Io non sono uno di quelli che dice “era destino”, io non sono quello che dice “doveva andare così”. No, io non condivido che un fatto così terrificante dovesse accadere. Si è accaduto, ma se è accaduto non significa che noi dobbiamo dimenticarlo, che noi dobbiamo metterlo in un cassetto e tenerlo là. Perché se vogliamo essere cittadini consapevoli, i fatti storici li dobbiamo conoscere e li dobbiamo trasmettere alle generazioni presenti e alle generazioni future. Altrimenti non andiamo da nessuna parte. Ecco perché la commemorazione e il ricordo devono essere annuali. Deve esserci sempre il ricordo, sempre. Altrimenti rischiamo di continuare a dimenticare un fatto storico. Pindaro diceva che un fatto storico esiste se quel fatto storico tu lo ricordi. Perché se non lo ricordi è come se quel fatto storico non ci fosse mai stato».

Il lavoro di Giovanni Petronio si colloca, oggi, come uno dei più alti esempi di storiografia civile applicata a un evento traumatico del nostro passato recente. La sua ricerca non si limita a ricostruire i fatti: li interroga, li mette in relazione con un sistema di incuria e di marginalizzazione, li restituisce come ferita ancora aperta nel tessuto della nazione. Senza il suo impegno costante, solitario e tenace, la Fiumarella sarebbe probabilmente rimasta confinata a una memoria locale, trasmessa a bassa voce, priva di riconoscimento pubblico.

È auspicabile – ed è doveroso – che questo lavoro trovi finalmente ascolto e legittimazione a livello nazionale, perché la tragedia della Fiumarella non appartiene solo alla Calabria o alle comunità del Reventino, ma all’Italia intera. Finché essa non sarà riconosciuta come parte integrante della nostra storia collettiva, continueremo a perpetuare una gerarchia del dolore e della memoria.

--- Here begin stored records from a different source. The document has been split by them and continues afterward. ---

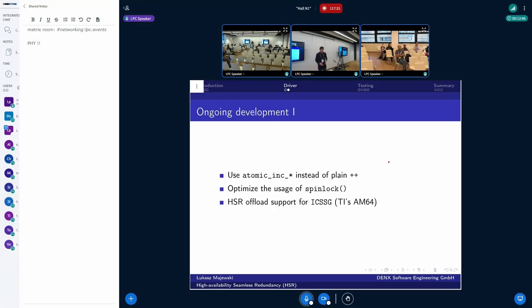There is some ongoing development. Two patches were developed by Sebastian and Jay Schever recently: one replaced the plain ++ operator for sequence number incrementing with an atomic operation, and a spinlock usage optimization was also done. There are also some patches from TI for the AM64 SoC, which provides hardware support with the ICSSG IP block. For doing that, you need firmware from TI, but hardware offloading is also possible on this architecture.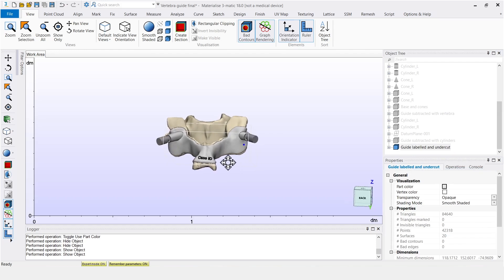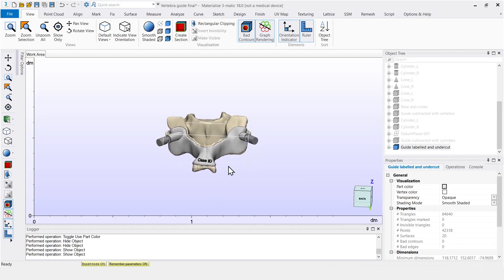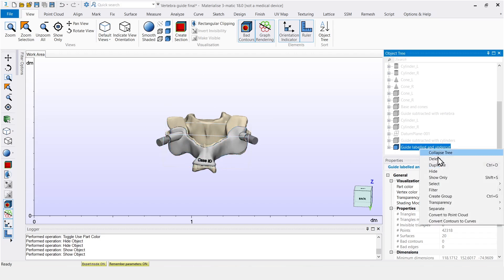This example is not necessarily clinically accurate, but it contains the essential elements like a base, drilling holes, and a label. Let me show you how I got there.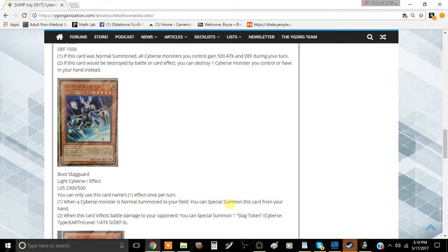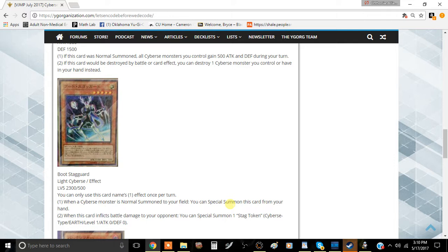What your ideal situation is, is if you normal summon Client Ant, and then you special summon this card from your hand, and then you go into your battle phase, attack with Staggered and then attack with the Ant. And then you get to special summon a Stag Token after this card battles and inflicts damage.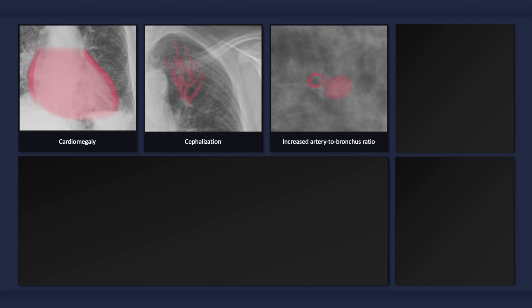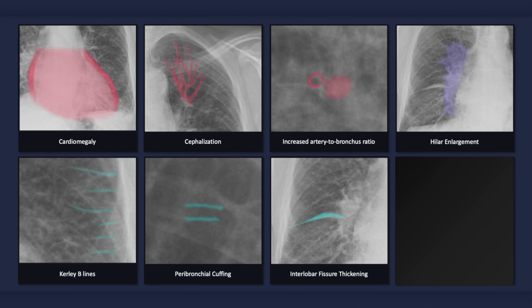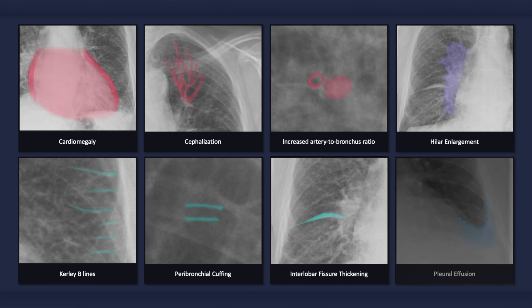To quickly recap, the plain radiographic findings that can occur with congestive heart failure include: cardiomegaly; signs of vascular redistribution such as cephalization and increased artery-to-bronchus ratio in superior segments; signs of pulmonary vascular congestion such as hilar enlargement and a widened vascular pedicle; signs of pulmonary interstitial edema such as Kerley B lines, peribronchial cuffing, and interlobar fissure thickening; pleural effusions; and in more severe cases, alveolar edema.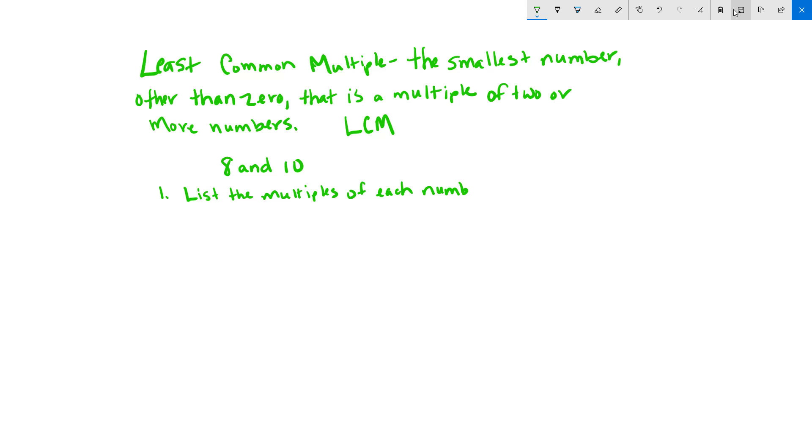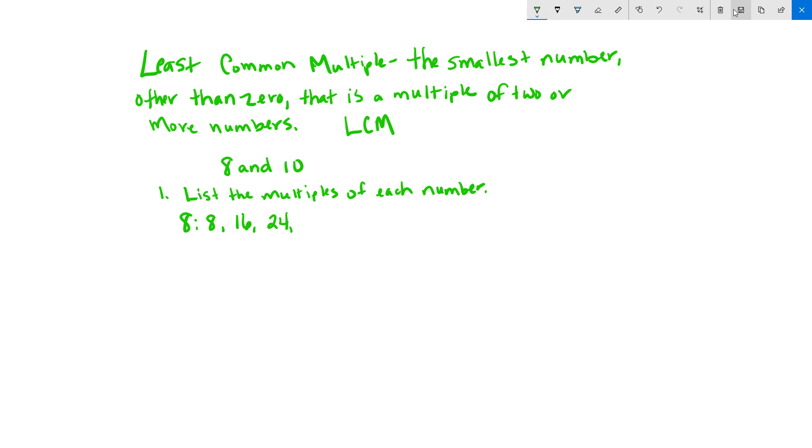We're going to list the multiples for 8, and basically this is just counting by 8. So 8 times 1 is 8, 8 times 2 is 16, 8 times 3 is 24, 8 times 4 is 32, 8 times 5 is 40, and so on. Then the multiples of 10, again we're just counting by 10 now: 10, 20, 30, 40.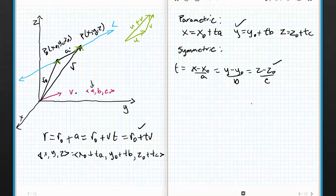Now I have all three forms of the line: the vector equation, the parametric, and the symmetric. I'm also going to mention something called the line segment form, where we're talking about a line segment instead of a full line, but we'll explore that one in class because it takes a little bit of hand-waving.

Ricordare la Fiumarella significa affermare che nessuna vita è periferica, che nessuna morte è minore, che la storia esiste solo nella misura in cui viene narrata, custodita e trasmessa. È nella speranza che questa tragedia trovi finalmente uno spazio stabile e consapevole nella storia italiana che il lavoro di Giovanni Petronio si consegna alle generazioni presenti e future: come monito, come testimonianza, come atto di giustizia tardiva ma necessaria.